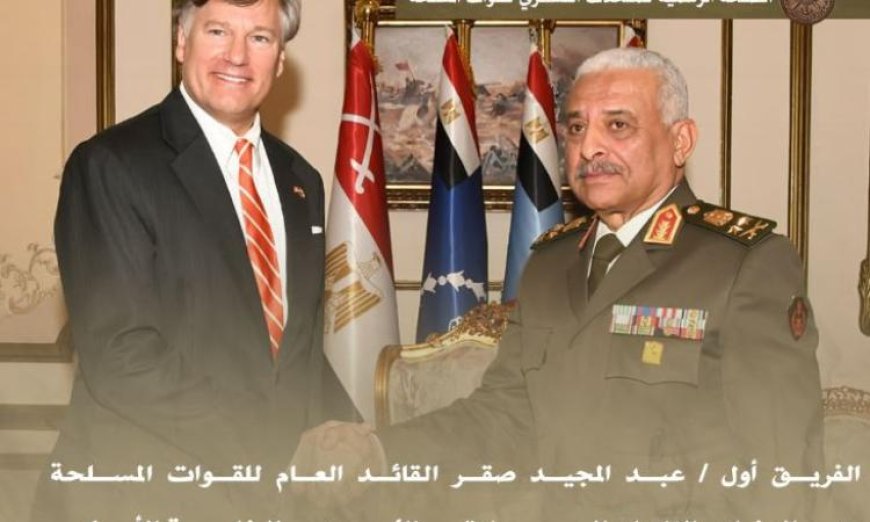 فيديو وصور لقاء الفريق أول عبد المجيد صقر مع نائب وزير الخارجية الأمريكي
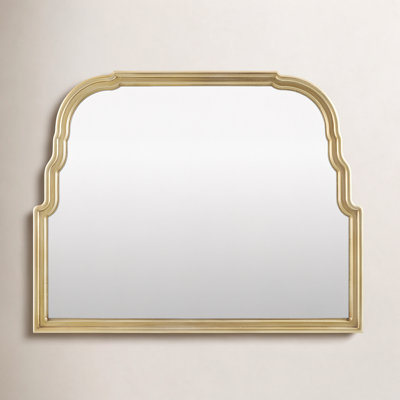 Canterbury Antique Brass Wall Mirror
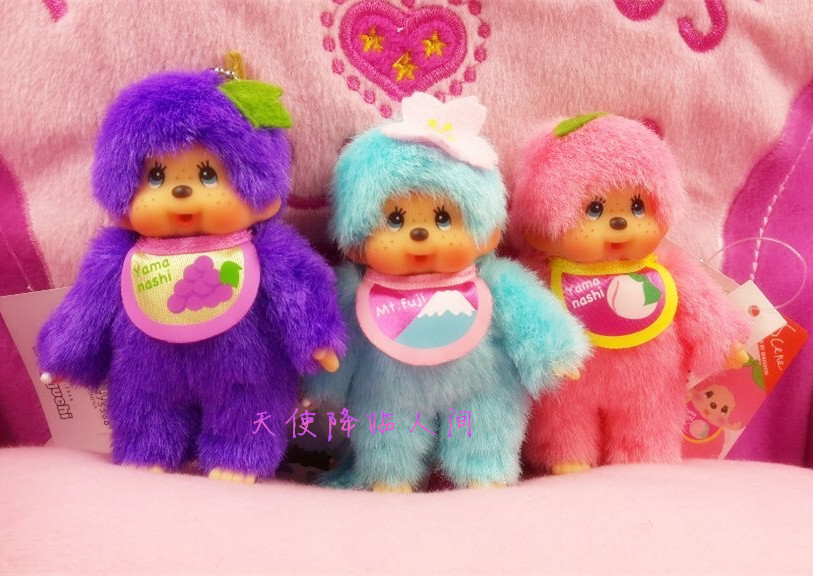 日本 正版 蒙奇奇 monchhichi 地域 葡萄 樱花 桃子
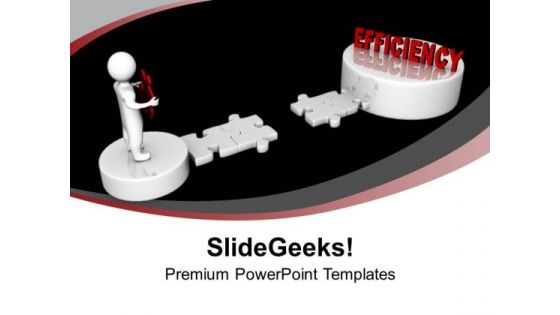 Man With Puzzle Attain Efficiency PowerPoint Templates Ppt Backgrounds For Slides 0213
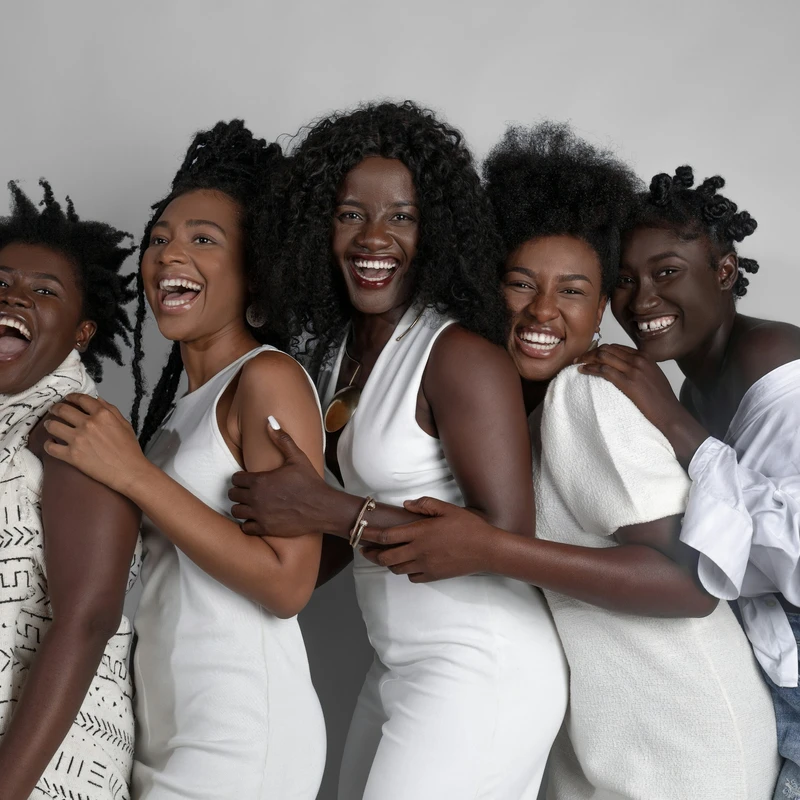a group of people posing for a photo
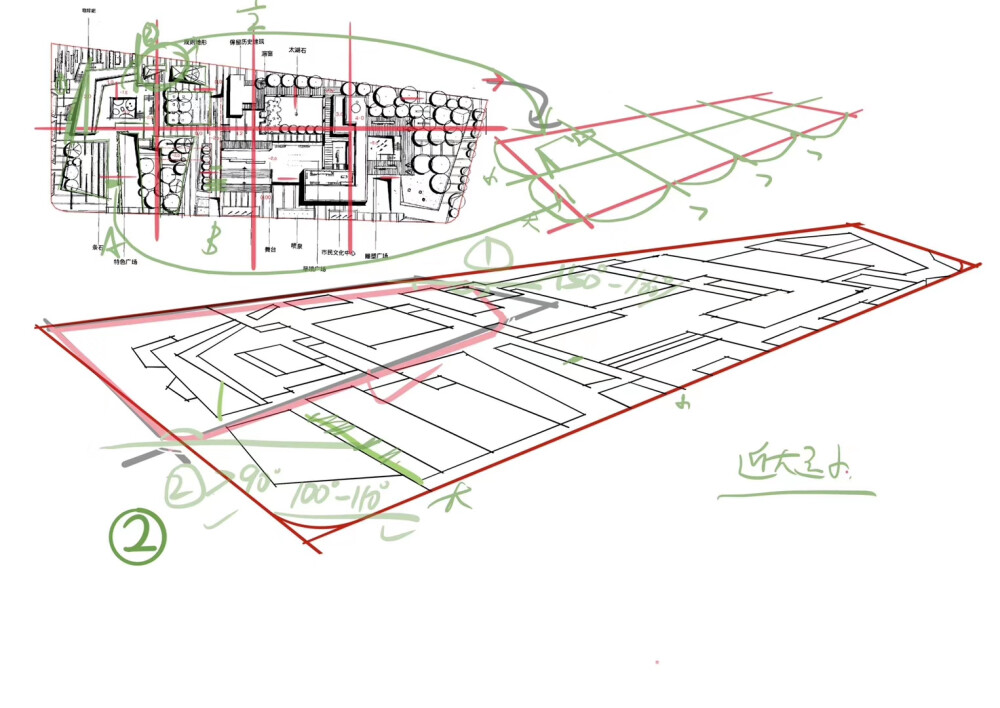 2019苏州大学风景园林真题完整解析
廖哥的平面➕川哥的鸟瞰
这下知道层叠景观和层叠鸟瞰怎么画了吧☺☺☺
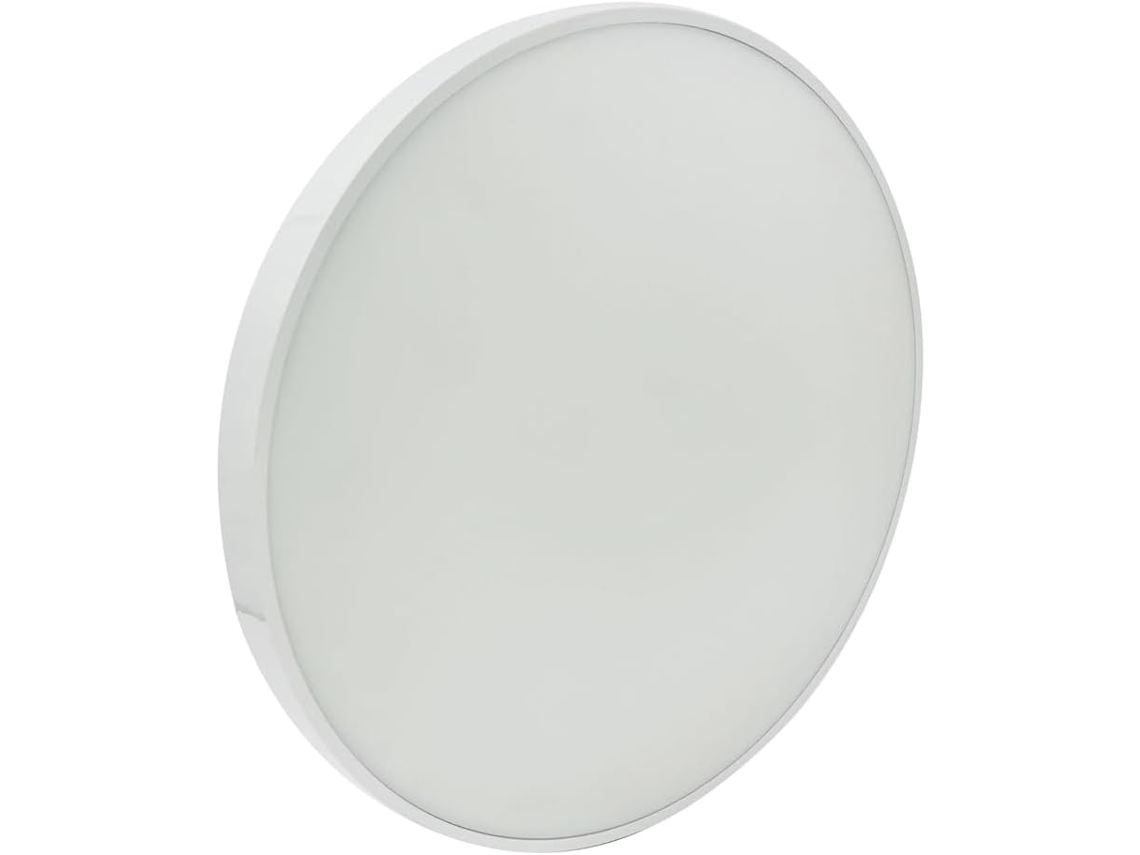 Lámpara LED empotrada de techo redonda y plana, 30 cm y 24 W, para cocinas, escaleras y dormitorios, Gokoco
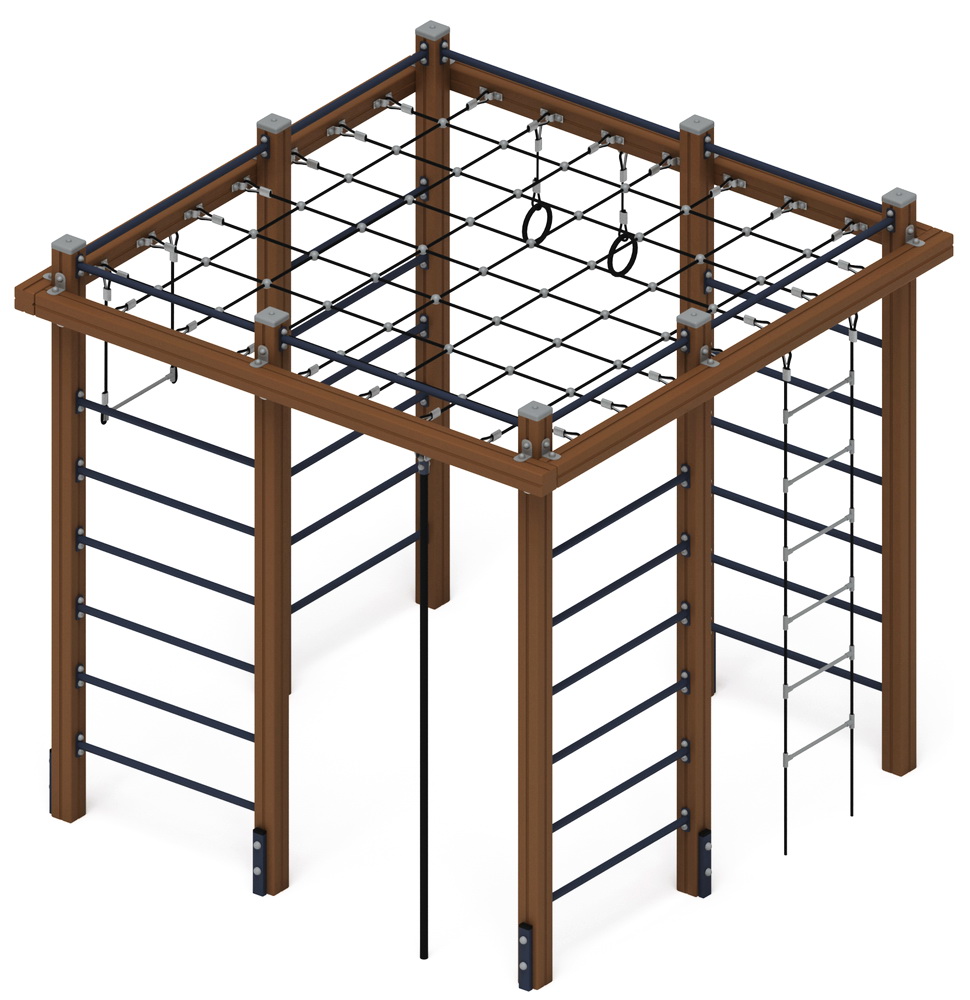 Детская площадка Спортивная серия СК 2.02.01-01 МАУГЛИ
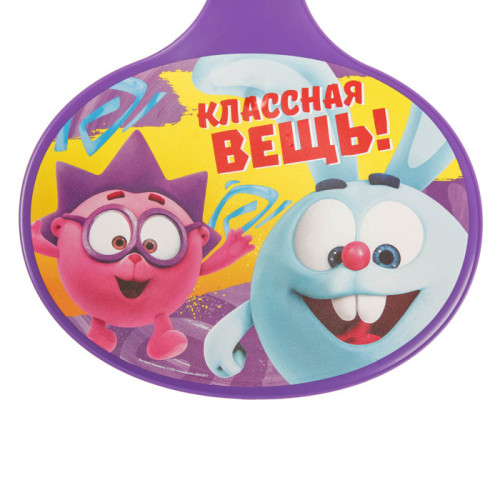 Санки ледянки SIMA СМЕШАРИКИ Классная вещь! Крош и Ежик, 310х410х4мм, цвет фиолетовый (2587098)
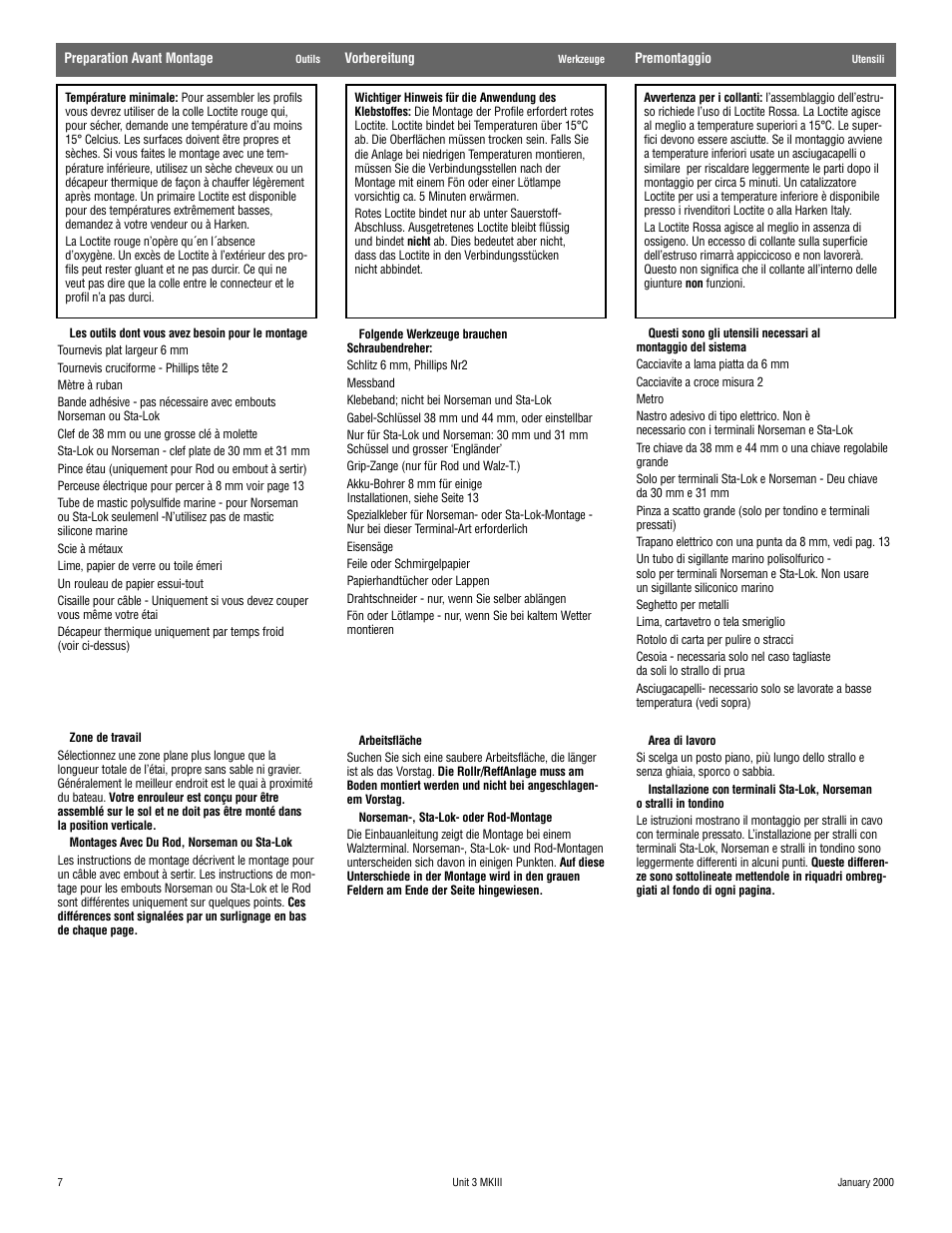 Harken 1036 MKIII Jib Reefing & Furling User Manual | Page 12 / 78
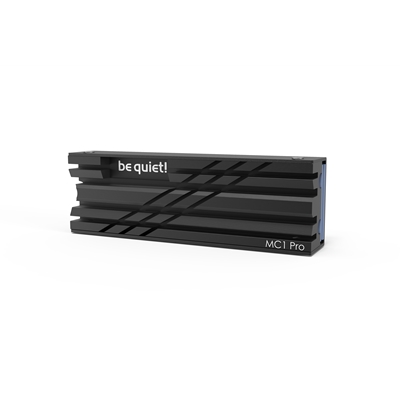 be quiet! (BZ003) MC1 Pro M.2 SSD Cooler, Integrated Heat Pipe, Single/Double Side Compatibility, 2280 Size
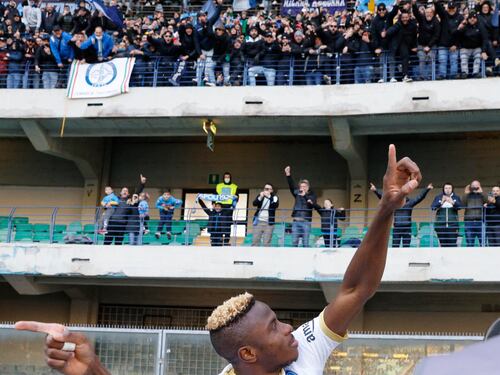 Osimhen risponde alla vergogna ultras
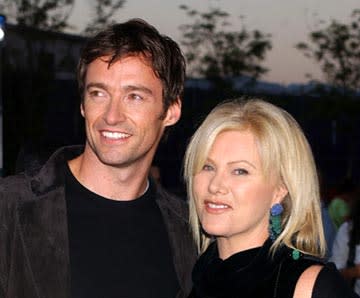 Hugh Jackman and wife Deborra-Lee Furness at the L.A. premiere of Universal Pictures' Van Helsing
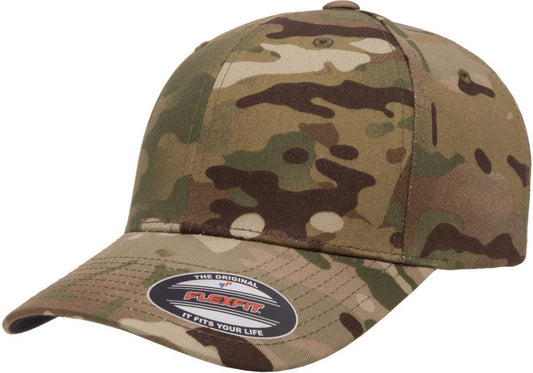 Flexfit Men's Athletic Baseball Fitted Cap, Multicam, L/XL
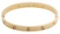 Cartier 18k Yellow Gold and Diamond 'Love' Bracelet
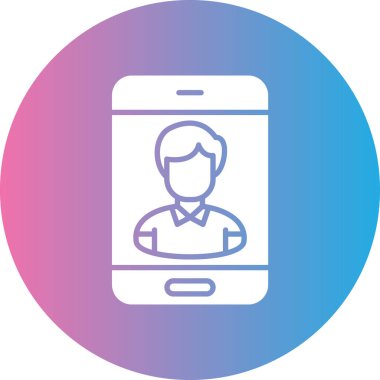 Telefon simgesinin vektör illüstrasyonu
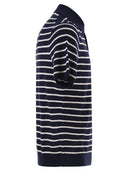 Polo Ralph Lauren Cotton And Linen Striped Knitted Polo Shirt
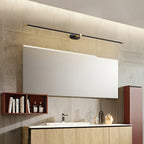 Ivox Minimalist Linear Wall Lamp – Gold & Black Finish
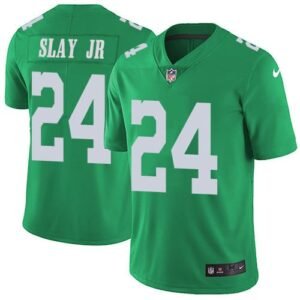 Nike Philadelphia Eagles #24 Darius Slay Jr Green Stitched NFL Limited Rush Jersey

EXERCISE →
Every line from the one with "Flexfit Men's Athletic" through the end of the material above should be restated word for word, with the pictures left out.

RESULT BELOW →
 Flexfit Men's Athletic Baseball Fitted Cap, Multicam, L/XL
 Cartier 18k Yellow Gold and Diamond 'Love' Bracelet
 Telefon simgesinin vektör illüstrasyonu
 Polo Ralph Lauren Cotton And Linen Striped Knitted Polo Shirt
 Ivox Minimalist Linear Wall Lamp – Gold & Black Finish
 Nike Philadelphia Eagles #24 Darius Slay Jr Green Stitched NFL Limited Rush Jersey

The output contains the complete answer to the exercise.